# [Description of the task]
Output every entry verbatim.

# [Supplied information]
★ ★ ★ ★ ★ ★ ★

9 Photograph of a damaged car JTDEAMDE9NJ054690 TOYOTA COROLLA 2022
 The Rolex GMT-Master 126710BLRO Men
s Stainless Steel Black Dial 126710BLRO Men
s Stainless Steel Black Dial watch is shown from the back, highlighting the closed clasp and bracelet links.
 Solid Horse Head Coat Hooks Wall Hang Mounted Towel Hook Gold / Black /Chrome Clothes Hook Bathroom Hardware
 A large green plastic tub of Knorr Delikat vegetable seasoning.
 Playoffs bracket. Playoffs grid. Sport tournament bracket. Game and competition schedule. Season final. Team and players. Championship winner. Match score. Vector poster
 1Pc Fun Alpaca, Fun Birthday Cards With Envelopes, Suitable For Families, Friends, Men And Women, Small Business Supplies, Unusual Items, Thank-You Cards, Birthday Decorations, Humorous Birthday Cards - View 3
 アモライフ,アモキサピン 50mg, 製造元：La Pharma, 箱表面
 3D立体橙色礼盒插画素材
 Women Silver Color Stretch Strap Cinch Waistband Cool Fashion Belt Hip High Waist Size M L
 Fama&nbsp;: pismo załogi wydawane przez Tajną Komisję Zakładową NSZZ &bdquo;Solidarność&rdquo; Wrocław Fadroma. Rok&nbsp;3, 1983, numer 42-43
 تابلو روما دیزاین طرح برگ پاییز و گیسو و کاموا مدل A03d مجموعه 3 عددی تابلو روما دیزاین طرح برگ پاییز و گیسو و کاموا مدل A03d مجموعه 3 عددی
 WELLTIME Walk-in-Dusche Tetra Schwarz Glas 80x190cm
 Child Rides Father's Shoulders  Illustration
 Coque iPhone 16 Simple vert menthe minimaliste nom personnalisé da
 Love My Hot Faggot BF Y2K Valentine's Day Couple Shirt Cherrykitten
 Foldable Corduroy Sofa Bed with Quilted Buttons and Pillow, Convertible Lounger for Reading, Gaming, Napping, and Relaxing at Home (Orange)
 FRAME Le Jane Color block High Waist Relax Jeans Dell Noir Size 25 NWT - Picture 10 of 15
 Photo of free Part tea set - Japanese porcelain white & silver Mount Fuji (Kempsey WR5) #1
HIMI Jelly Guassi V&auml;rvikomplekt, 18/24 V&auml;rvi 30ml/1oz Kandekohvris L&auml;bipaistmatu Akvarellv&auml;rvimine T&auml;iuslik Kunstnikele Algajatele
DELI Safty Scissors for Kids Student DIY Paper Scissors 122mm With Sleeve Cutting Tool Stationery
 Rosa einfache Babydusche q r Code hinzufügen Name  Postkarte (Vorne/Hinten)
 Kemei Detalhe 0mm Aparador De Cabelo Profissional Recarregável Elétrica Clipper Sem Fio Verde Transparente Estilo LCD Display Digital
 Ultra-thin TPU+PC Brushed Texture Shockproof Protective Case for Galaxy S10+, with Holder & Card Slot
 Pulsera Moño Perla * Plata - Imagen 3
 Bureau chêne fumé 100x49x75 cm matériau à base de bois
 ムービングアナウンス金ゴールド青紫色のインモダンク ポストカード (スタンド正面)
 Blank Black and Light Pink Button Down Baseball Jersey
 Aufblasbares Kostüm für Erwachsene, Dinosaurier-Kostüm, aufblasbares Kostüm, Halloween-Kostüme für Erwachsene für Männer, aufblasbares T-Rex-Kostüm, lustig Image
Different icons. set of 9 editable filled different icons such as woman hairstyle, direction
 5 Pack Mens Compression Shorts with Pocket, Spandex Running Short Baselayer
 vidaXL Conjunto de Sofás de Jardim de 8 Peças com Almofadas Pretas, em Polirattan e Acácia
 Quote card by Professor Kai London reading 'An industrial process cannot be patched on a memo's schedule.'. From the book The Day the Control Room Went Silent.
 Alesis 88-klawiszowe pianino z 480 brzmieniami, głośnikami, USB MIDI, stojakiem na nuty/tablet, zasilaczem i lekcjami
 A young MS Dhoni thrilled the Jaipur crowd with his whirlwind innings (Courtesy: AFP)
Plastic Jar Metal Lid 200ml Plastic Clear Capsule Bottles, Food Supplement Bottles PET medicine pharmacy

★ ★ ★ ★ ★ ★ ★

# [Answer space]
9 Photograph of a damaged car JTDEAMDE9NJ054690 TOYOTA COROLLA 2022
 The Rolex GMT-Master 126710BLRO Men
s Stainless Steel Black Dial 126710BLRO Men
s Stainless Steel Black Dial watch is shown from the back, highlighting the closed clasp and bracelet links.
 Solid Horse Head Coat Hooks Wall Hang Mounted Towel Hook Gold / Black /Chrome Clothes Hook Bathroom Hardware
 A large green plastic tub of Knorr Delikat vegetable seasoning.
 Playoffs bracket. Playoffs grid. Sport tournament bracket. Game and competition schedule. Season final. Team and players. Championship winner. Match score. Vector poster
 1Pc Fun Alpaca, Fun Birthday Cards With Envelopes, Suitable For Families, Friends, Men And Women, Small Business Supplies, Unusual Items, Thank-You Cards, Birthday Decorations, Humorous Birthday Cards - View 3
 アモライフ,アモキサピン 50mg, 製造元：La Pharma, 箱表面
 3D立体橙色礼盒插画素材
 Women Silver Color Stretch Strap Cinch Waistband Cool Fashion Belt Hip High Waist Size M L
 Fama&nbsp;: pismo załogi wydawane przez Tajną Komisję Zakładową NSZZ &bdquo;Solidarność&rdquo; Wrocław Fadroma. Rok&nbsp;3, 1983, numer 42-43
 تابلو روما دیزاین طرح برگ پاییز و گیسو و کاموا مدل A03d مجموعه 3 عددی تابلو روما دیزاین طرح برگ پاییز و گیسو و کاموا مدل A03d مجموعه 3 عددی
 WELLTIME Walk-in-Dusche Tetra Schwarz Glas 80x190cm
 Child Rides Father's Shoulders  Illustration
 Coque iPhone 16 Simple vert menthe minimaliste nom personnalisé da
 Love My Hot Faggot BF Y2K Valentine's Day Couple Shirt Cherrykitten
 Foldable Corduroy Sofa Bed with Quilted Buttons and Pillow, Convertible Lounger for Reading, Gaming, Napping, and Relaxing at Home (Orange)
 FRAME Le Jane Color block High Waist Relax Jeans Dell Noir Size 25 NWT - Picture 10 of 15
 Photo of free Part tea set - Japanese porcelain white & silver Mount Fuji (Kempsey WR5) #1
HIMI Jelly Guassi V&auml;rvikomplekt, 18/24 V&auml;rvi 30ml/1oz Kandekohvris L&auml;bipaistmatu Akvarellv&auml;rvimine T&auml;iuslik Kunstnikele Algajatele
DELI Safty Scissors for Kids Student DIY Paper Scissors 122mm With Sleeve Cutting Tool Stationery
 Rosa einfache Babydusche q r Code hinzufügen Name  Postkarte (Vorne/Hinten)
 Kemei Detalhe 0mm Aparador De Cabelo Profissional Recarregável Elétrica Clipper Sem Fio Verde Transparente Estilo LCD Display Digital
 Ultra-thin TPU+PC Brushed Texture Shockproof Protective Case for Galaxy S10+, with Holder & Card Slot
 Pulsera Moño Perla * Plata - Imagen 3
 Bureau chêne fumé 100x49x75 cm matériau à base de bois
 ムービングアナウンス金ゴールド青紫色のインモダンク ポストカード (スタンド正面)
 Blank Black and Light Pink Button Down Baseball Jersey
 Aufblasbares Kostüm für Erwachsene, Dinosaurier-Kostüm, aufblasbares Kostüm, Halloween-Kostüme für Erwachsene für Männer, aufblasbares T-Rex-Kostüm, lustig Image
Different icons. set of 9 editable filled different icons such as woman hairstyle, direction
 5 Pack Mens Compression Shorts with Pocket, Spandex Running Short Baselayer
 vidaXL Conjunto de Sofás de Jardim de 8 Peças com Almofadas Pretas, em Polirattan e Acácia
 Quote card by Professor Kai London reading 'An industrial process cannot be patched on a memo's schedule.'. From the book The Day the Control Room Went Silent.
 Alesis 88-klawiszowe pianino z 480 brzmieniami, głośnikami, USB MIDI, stojakiem na nuty/tablet, zasilaczem i lekcjami
 A young MS Dhoni thrilled the Jaipur crowd with his whirlwind innings (Courtesy: AFP)
Plastic Jar Metal Lid 200ml Plastic Clear Capsule Bottles, Food Supplement Bottles PET medicine pharmacy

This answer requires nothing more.